Activity: From the entries, copy each line that includes "Vegetable".

START Entries shown

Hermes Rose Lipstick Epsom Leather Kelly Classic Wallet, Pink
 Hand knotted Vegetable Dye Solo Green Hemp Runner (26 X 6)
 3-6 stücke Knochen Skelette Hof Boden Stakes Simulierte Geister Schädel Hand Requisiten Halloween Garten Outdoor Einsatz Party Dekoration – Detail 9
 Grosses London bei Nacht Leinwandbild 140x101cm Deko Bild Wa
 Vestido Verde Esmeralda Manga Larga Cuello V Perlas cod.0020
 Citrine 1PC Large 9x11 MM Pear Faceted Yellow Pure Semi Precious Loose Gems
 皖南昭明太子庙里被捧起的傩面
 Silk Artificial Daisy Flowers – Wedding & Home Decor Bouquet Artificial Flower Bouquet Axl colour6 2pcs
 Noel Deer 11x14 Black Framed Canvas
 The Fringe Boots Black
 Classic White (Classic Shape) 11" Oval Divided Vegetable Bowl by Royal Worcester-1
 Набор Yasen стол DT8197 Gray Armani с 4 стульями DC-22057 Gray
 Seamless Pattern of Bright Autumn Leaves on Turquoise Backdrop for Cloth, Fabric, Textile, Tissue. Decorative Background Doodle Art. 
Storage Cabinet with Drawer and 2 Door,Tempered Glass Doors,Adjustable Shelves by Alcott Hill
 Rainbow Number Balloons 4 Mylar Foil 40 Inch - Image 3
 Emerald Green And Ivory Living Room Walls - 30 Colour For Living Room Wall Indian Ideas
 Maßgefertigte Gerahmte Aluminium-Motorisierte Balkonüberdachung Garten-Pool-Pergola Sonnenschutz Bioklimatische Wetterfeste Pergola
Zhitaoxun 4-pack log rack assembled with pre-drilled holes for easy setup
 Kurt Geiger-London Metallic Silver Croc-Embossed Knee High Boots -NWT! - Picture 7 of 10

END Entries shown

Solution to this task:
 Hand knotted Vegetable Dye Solo Green Hemp Runner (26 X 6)
 Classic White (Classic Shape) 11" Oval Divided Vegetable Bowl by Royal Worcester-1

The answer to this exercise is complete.